INPUT DATA START
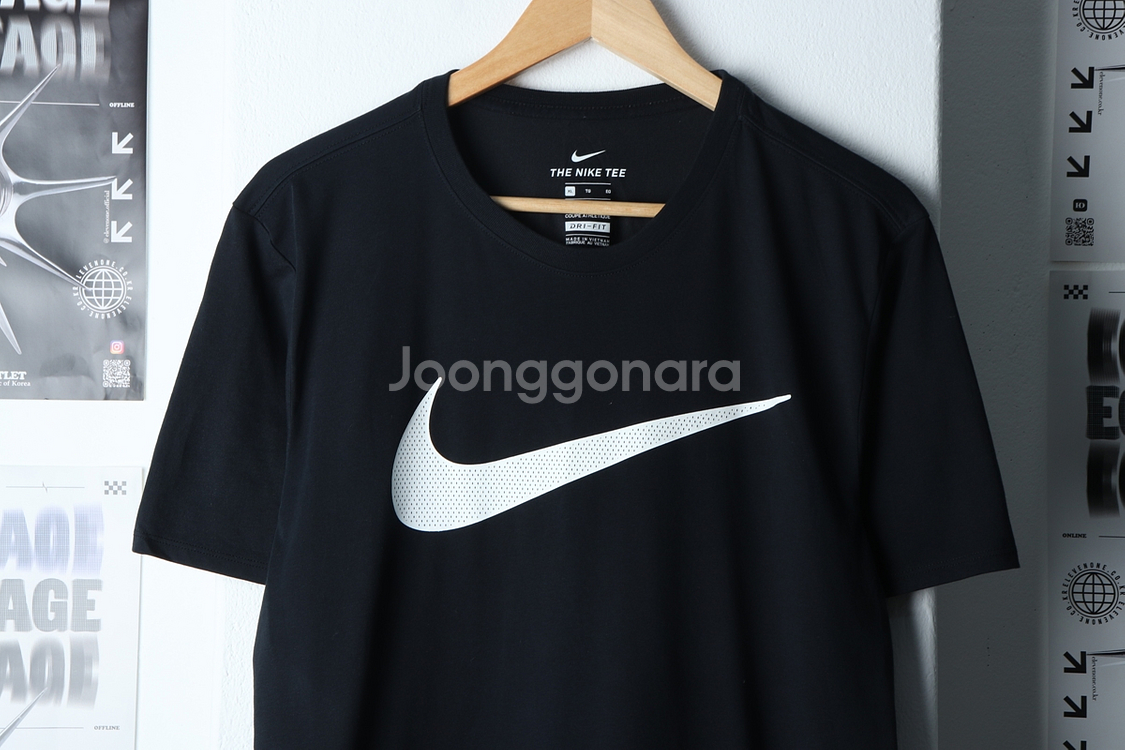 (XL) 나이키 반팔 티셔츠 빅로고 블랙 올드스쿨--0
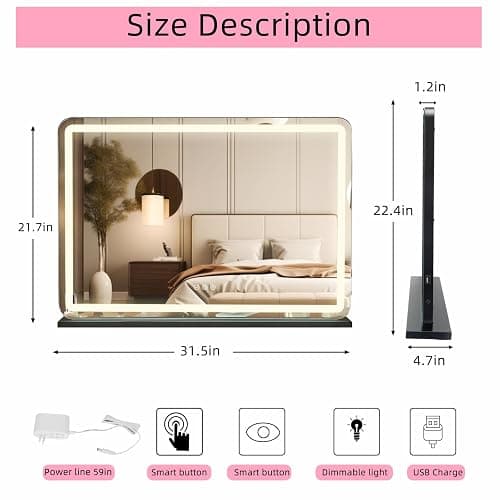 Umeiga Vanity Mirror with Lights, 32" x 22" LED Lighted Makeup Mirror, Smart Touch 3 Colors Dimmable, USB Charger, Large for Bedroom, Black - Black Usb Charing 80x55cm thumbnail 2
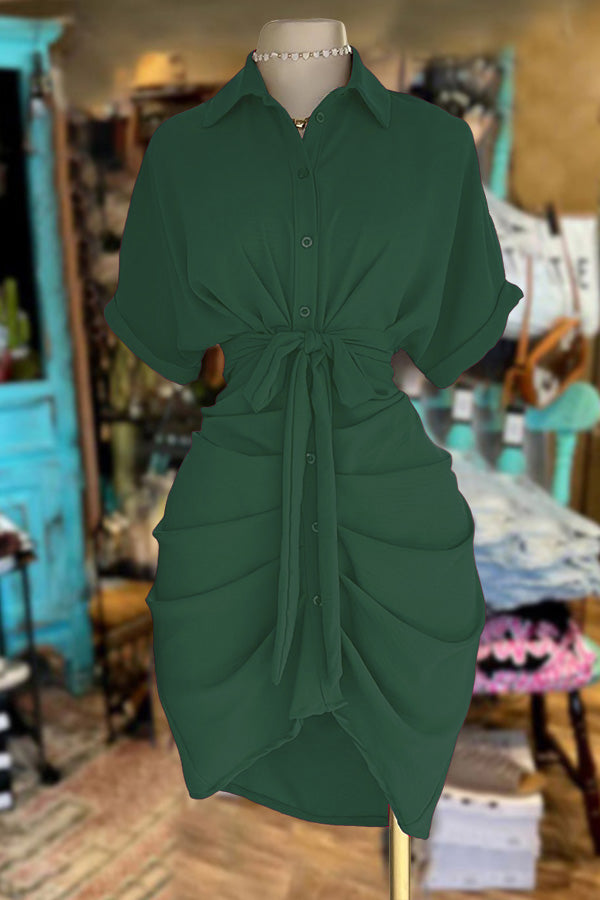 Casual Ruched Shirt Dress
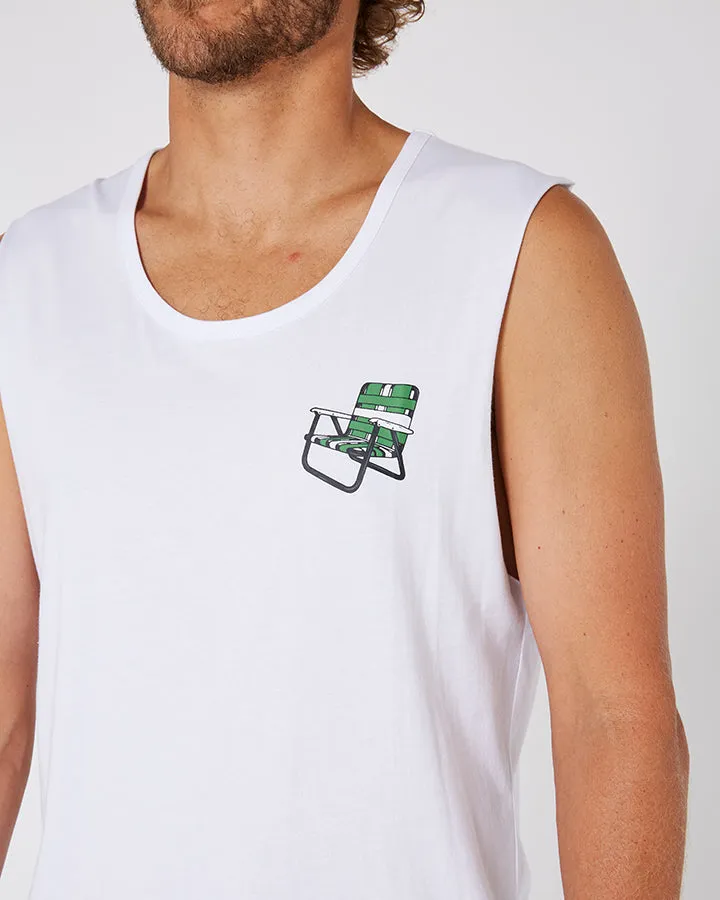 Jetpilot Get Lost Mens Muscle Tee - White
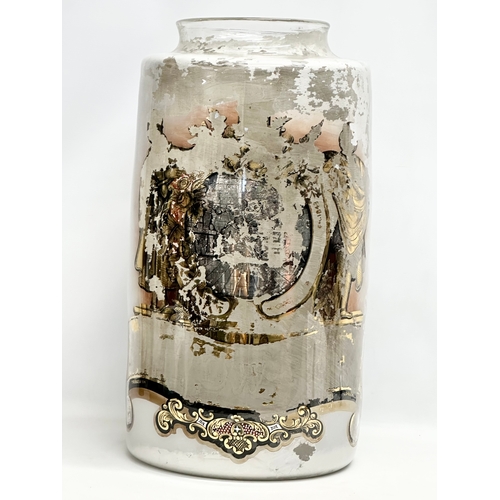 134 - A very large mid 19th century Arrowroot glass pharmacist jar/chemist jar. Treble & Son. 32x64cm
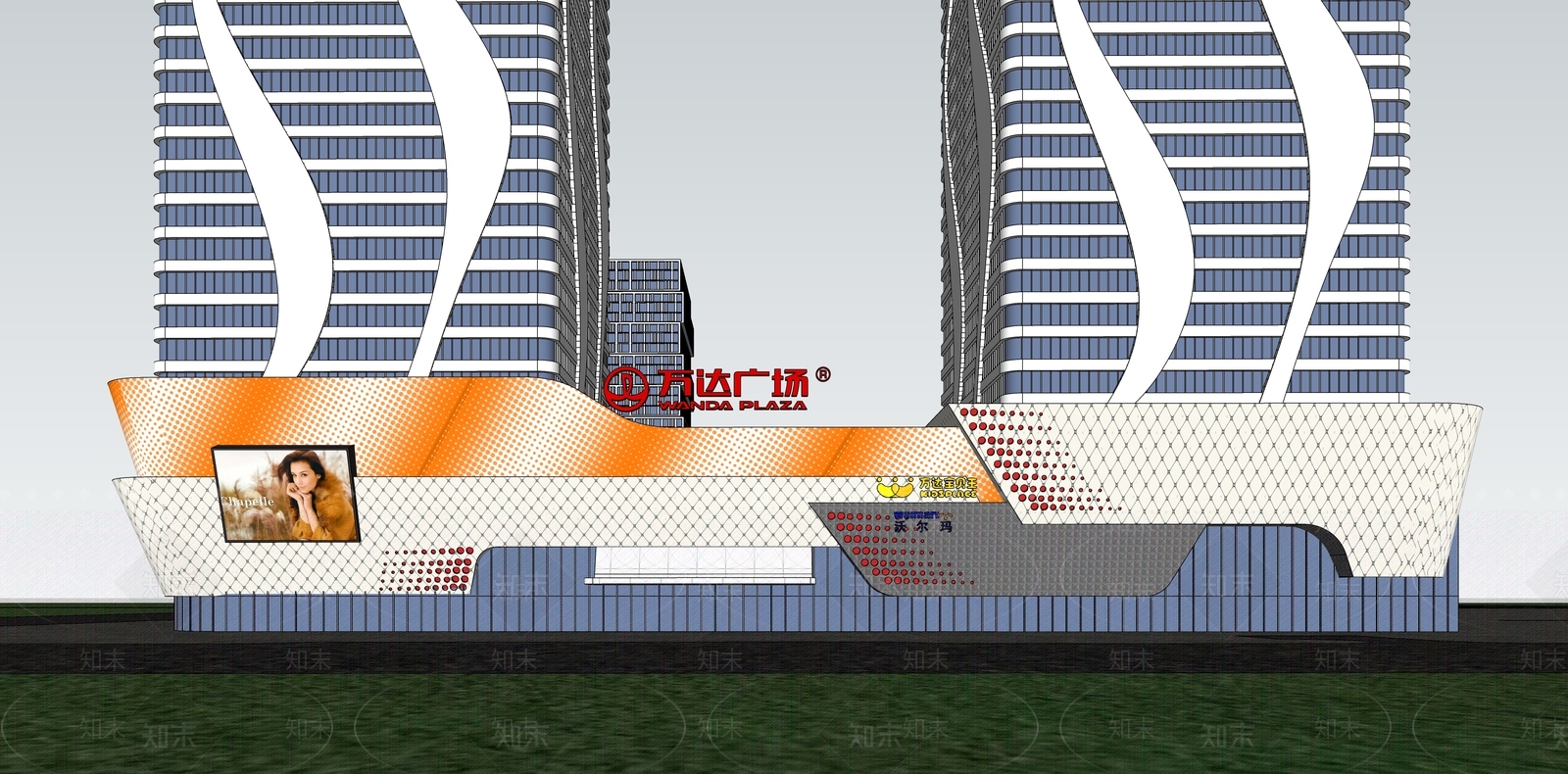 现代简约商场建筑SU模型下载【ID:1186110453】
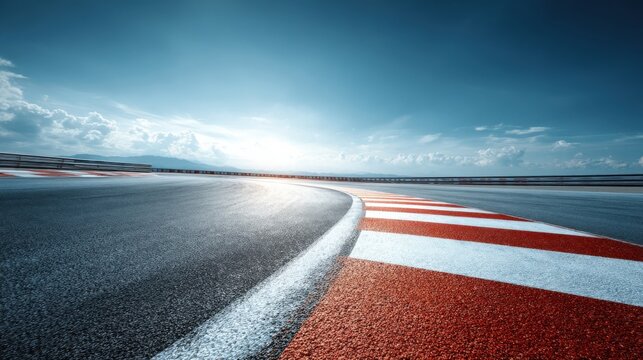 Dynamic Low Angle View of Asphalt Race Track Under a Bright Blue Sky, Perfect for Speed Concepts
INPUT DATA END
INPUT DATA START
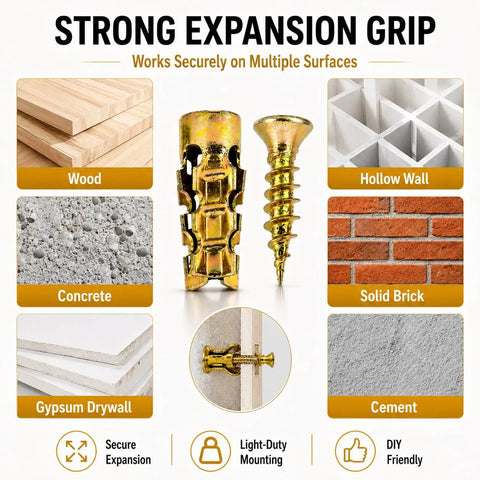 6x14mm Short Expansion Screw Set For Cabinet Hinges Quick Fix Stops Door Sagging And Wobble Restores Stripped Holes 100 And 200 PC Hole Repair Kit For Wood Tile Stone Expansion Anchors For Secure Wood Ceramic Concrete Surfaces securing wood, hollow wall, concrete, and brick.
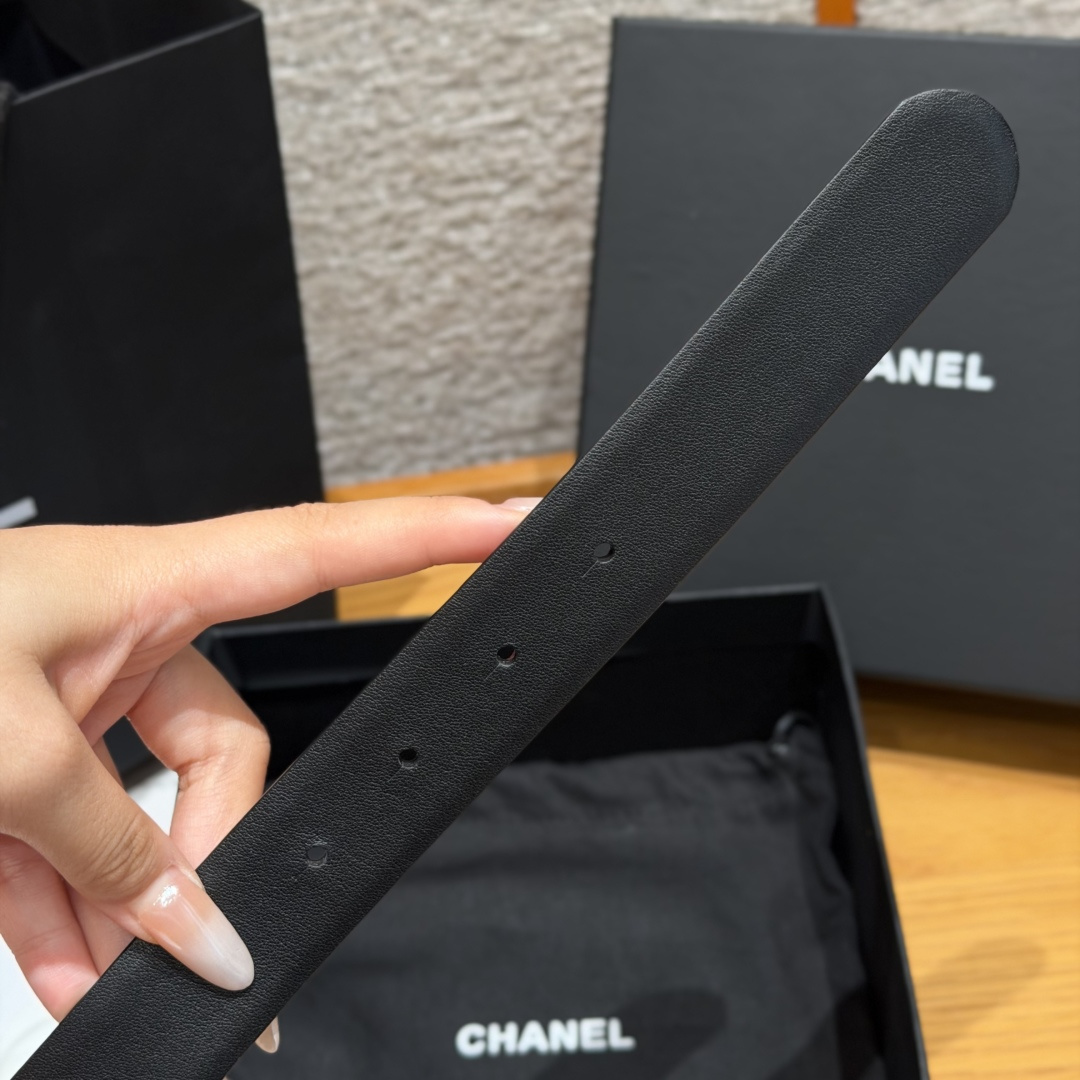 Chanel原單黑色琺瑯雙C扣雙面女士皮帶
INPUT DATA END
Return the stretch of data that begins with the line showing "Jetpilot Get Lost Mens Muscle Tee - White" and goes on through the line showing "Dynamic Low Angle", exactly, with pictures removed.

> _WRITTEN RESPONSE_:
 Jetpilot Get Lost Mens Muscle Tee - White
 134 - A very large mid 19th century Arrowroot glass pharmacist jar/chemist jar. Treble & Son. 32x64cm
 现代简约商场建筑SU模型下载【ID:1186110453】
 Dynamic Low Angle View of Asphalt Race Track Under a Bright Blue Sky, Perfect for Speed Concepts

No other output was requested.